1.5 million grant for improving nursing home care
Press release 19 December 2011
To improve elderly care in nursing homes, a research group led by Maastricht professor Jan Hamers was awarded a €750,000 grant by ZonMw. Regional partners and UM will also contribute to bring the total to nearly €1.5 million for the next five years. The project focuses primarily on the role of nurses in nursing homes and aims to enhance the efficiency and evidence-based nature of their work and improve their expertise and leadership qualities. The results of ‘Nurses on the Move: towards higher quality care in nursing homes’ will be implemented on a regional, national and international level.
Due to an ageing population and the increasingly later age at which people move to nursing homes, the demand for complex nursing home care is expected to increase significantly in the coming decades. Nurses are at the heart of this 24/7 care. Their work largely determines the quality of life, the health and the daily functioning of nursing home residents. The project consists of three interrelated subprojects to which three PhD candidates have been appointed under the supervision of a team of researchers.
Three subprojects
The first project focuses on the many health problems that nursing home residents suffer from, which range from malnutrition and behavioural problems to pressure sores and falls. This project will develop an integrated approach to address all of these healthcare issues simultaneously instead of the fragmented approach to individual problems that is currently being used. This approach will encourage movement in the form of everyday activities in order to maintain and enhance the level of independence in elderly people. The second project aims at finding solutions to the problem of translating scientific knowledge into healthcare practices. The main obstacle is that most healthcare practitioners in nursing homes are not academically qualified to apply this knowledge. The third project will focus on increasing the expertise of healthcare providers. Previous research has shown that the quality of life in nursing homes is closely related to the academic level of healthcare practitioners, and that the deployment of more registered nurses instead of caregivers leads to better outcomes. By reintroducing nurses as leaders who fulfil an inspirational role in the workplace and are able to convey scientific knowledge, the quality of elderly care in nursing homes can be improved.
Partners
The regional partners participating in this project are: Cicero Zorggroep, MeanderGroep Zuid-Limburg, Orbis Medisch en Zorgconcern, Sevagram, Vivre, and Hogeschool Zuyd.
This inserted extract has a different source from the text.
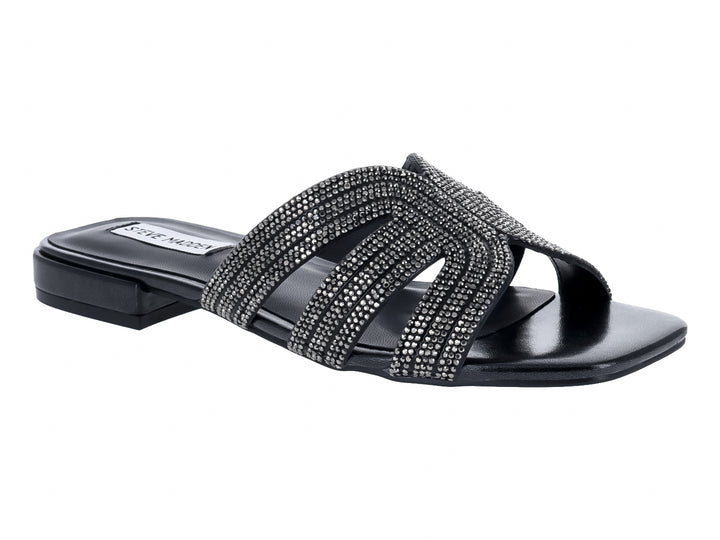 Sandalia negra de Steve Madden con tiras adornadas con cristales brillantes y suela plana.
A national advisory committee has been appointed to oversee the implementation of the research results throughout the Netherlands. The committee consists of representatives from the Ministry of Health, Welfare and Sport, the Healthcare Inspectorate, the National Organisation for Client’s Councils, the Actiz trade association for healthcare providers, and the V&VN professional association for nurses and caregivers. The project also boasts international collaboration with partners and researchers at New York University.
Praise
Project leader Jan Hamers, Professor of Elderly Care at UM, is delighted with the grant and the esteemed review by the assessment committee. An excerpt from his grant award letter: “The team that is proposed is of outstanding quality and there is unlikely to be a group of researchers in the world that can draw on this many people with this precise range of expertise and demonstrable track-records of precisely the kind of research to be undertaken.” The proposal received the highest possible score from the assessment committee.
ZonMw awards grants on behalf of the Ministry of Health, Welfare and Sport and the Netherlands Organisation for Scientific Research (NWO) to promote health research and healthcare innovation.
Note for the press:
For more information on the contents of this press release please contact Professor Jan Hamers, project leader, on 043 388 1549 or by email at jph.hamers@maastrichtuniversity.nl.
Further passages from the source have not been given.